CAMISA 12



(publicada ontem, no Lance!)

DISTÂNCIA

1 – A blitz santista começou no primeiro apito e revelou ter energia para longa duração. Baseou-se na ocupação do campo de ataque e na notável capacidade de movimentação dos três atacantes, constantemente trocando de posição para confundir a vigilância corintiana.

2 – O Corinthians se sentiu preso na Vila. Não conseguia sair, tampouco marcar. Um defeito de encaixe no meio de campo provocou aflitivos – para Tite – encontros entre Ricardo Oliveira e Felipe e Geuvânio e Fágner. A bola rondava a área de Cássio com o volume que oferece perigo mesmo sem ocasiões claras.

3 – Na primeira jogada precisa, gol. Os zagueiros corintianos provavelmente ficaram maravilhados com o passe de Lucas Lima, pelo alto, à procura de Gabriel. Enquanto admiravam a trajetória da bola, permitiram que o jovem atacante se erguesse para cabecear sem ser incomodado.

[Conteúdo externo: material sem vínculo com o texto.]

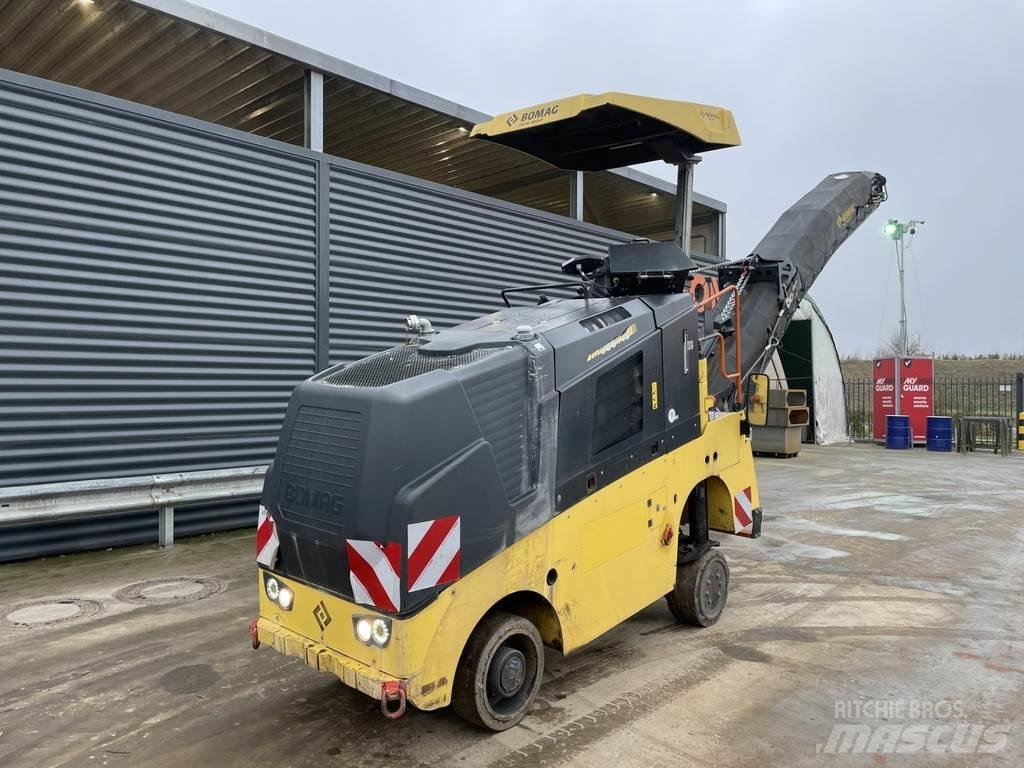Bomag BM 500/15-2 Asfalt kaziyicilar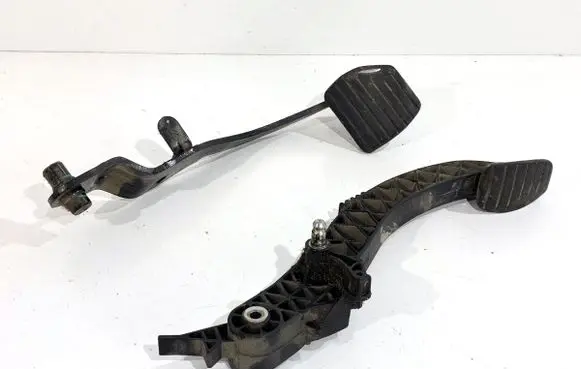 Renault Kangoo II Pedal assembly 465037304R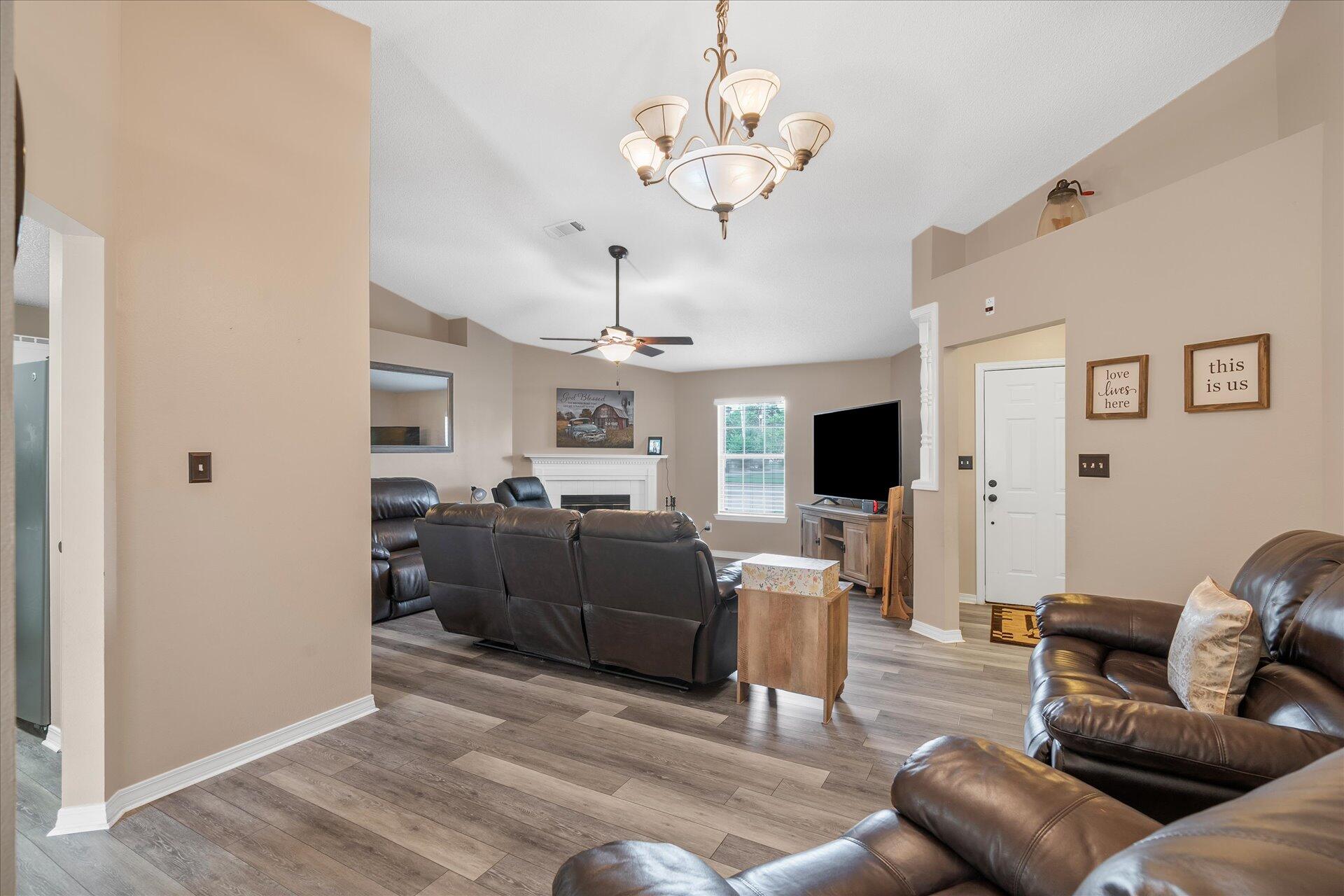 ORION LAKE - Residential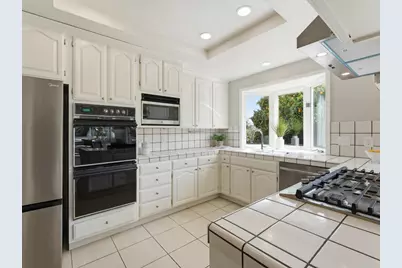 6492 Hirabayashi Dr, San Jose, CA 95120 - Photo 8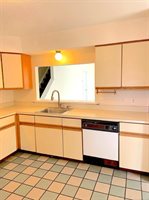 71 Simsbury, Simsbury, CT 06070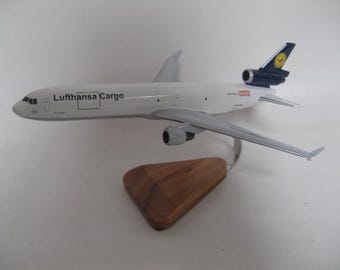 McDonnell Douglas MD-11 Lufthansa Airlines Airplane Desktop Model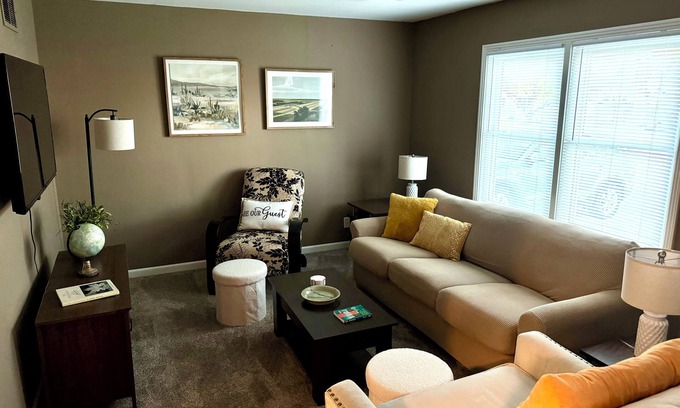 Salina Casa | Cozy home with privacy fence, fire pit & garage!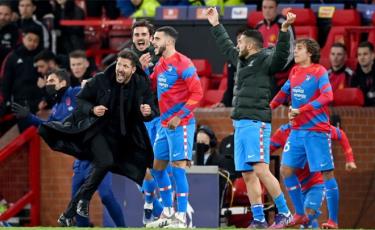 Simeone trong chiến thắng trước Man Utd.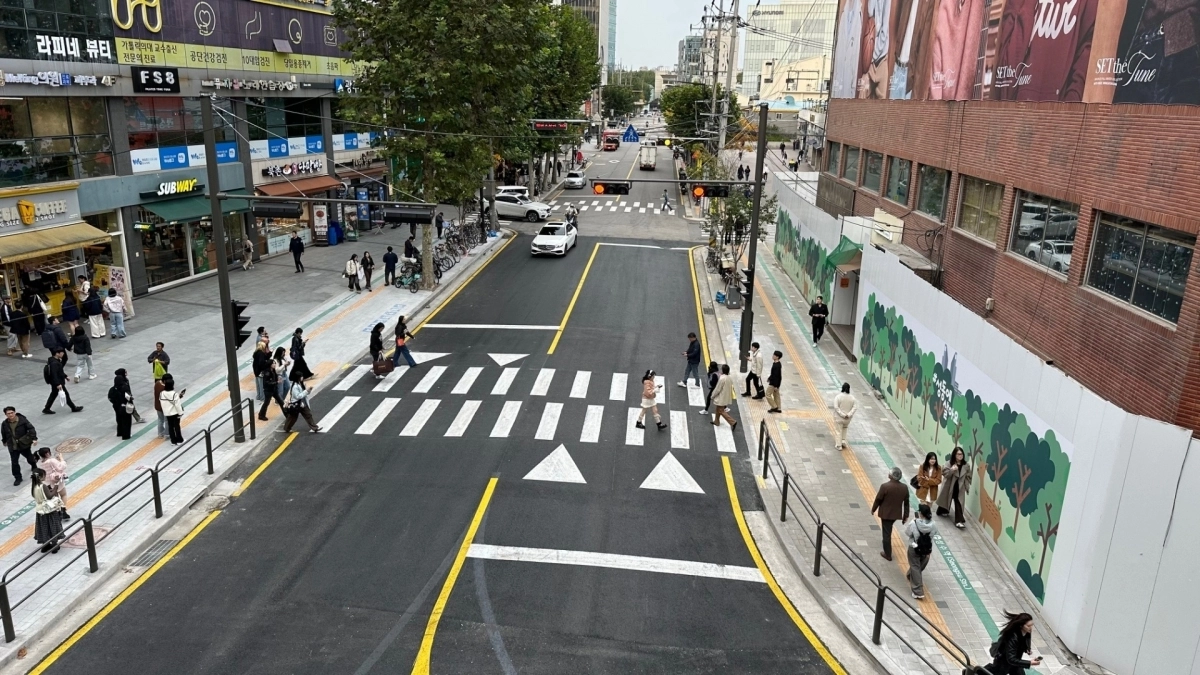 보행환경을 개선한 서울 성수역 2번 출입구 일대 모습. 성동구 제공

4 – O domínio do Santos era tal que dava a impressão de que o Corinthians tinha um jogador a menos, ou que estava proibido de ficar com a bola.

5 – Lucas Lima criou outro gol para o Santos, no terceiro minuto do segundo tempo. Para Ricardo Oliveira, que não costuma perdê-los e, de fato, não perdeu. Foi Cássio quem evitou que a vantagem santista dobrasse de tamanho.

6 – Como é o normal em jogos deste tipo, o Corinthians se adiantou e passou a conservar a bola. Era a única maneira de realmente disputar um clássico até então desequilibrado. Faltava ser competente na região do campo em que o Santos era absoluto.

7 – Mas falhar atrás não era uma opção. A tabela entre Marquinhos Gabriel e Lucas Lima ficou óbvia a partir do momento em que Lucas foi esquecido pela marcação próxima à área. O Corinthians deu espaço e tempo a um jogador que faz muito com pouco: 2 x 0, placar merecido.

8 – O Corinthians se recusou a jogar por muito tempo. Quando tentou, não foi capaz. O Santos fez tudo certo para construir uma vantagem larga entre equipes de potencial semelhante.

APITANDO COM…

A crise do apito no futebol brasileiro chegou ao ponto em que os árbitros se voltaram contra a televisão. Cansados de ser expostos pela tecnologia de transmissão, que mostra o jogo com um nível de realismo inatingível para olhos humanos em campo, eles protestam contra as análises feitas a cada rodada. De fato, uma covardia flagrante, mas a TV não é o problema.

… O INIMIGO

O problema é quem teima em não colocar a tecnologia a serviço da arbitragem, para supervisionar o trabalho dos apitadores e assistentes, e corrigi-lo quando necessário. É a única maneira de garantir a lisura do resultado do campo e eliminar a indignação seletiva alimentada pelas teses conspiratórias. O futebol é, há muito tempo, um jogo diferente daquele que o árbitro vê.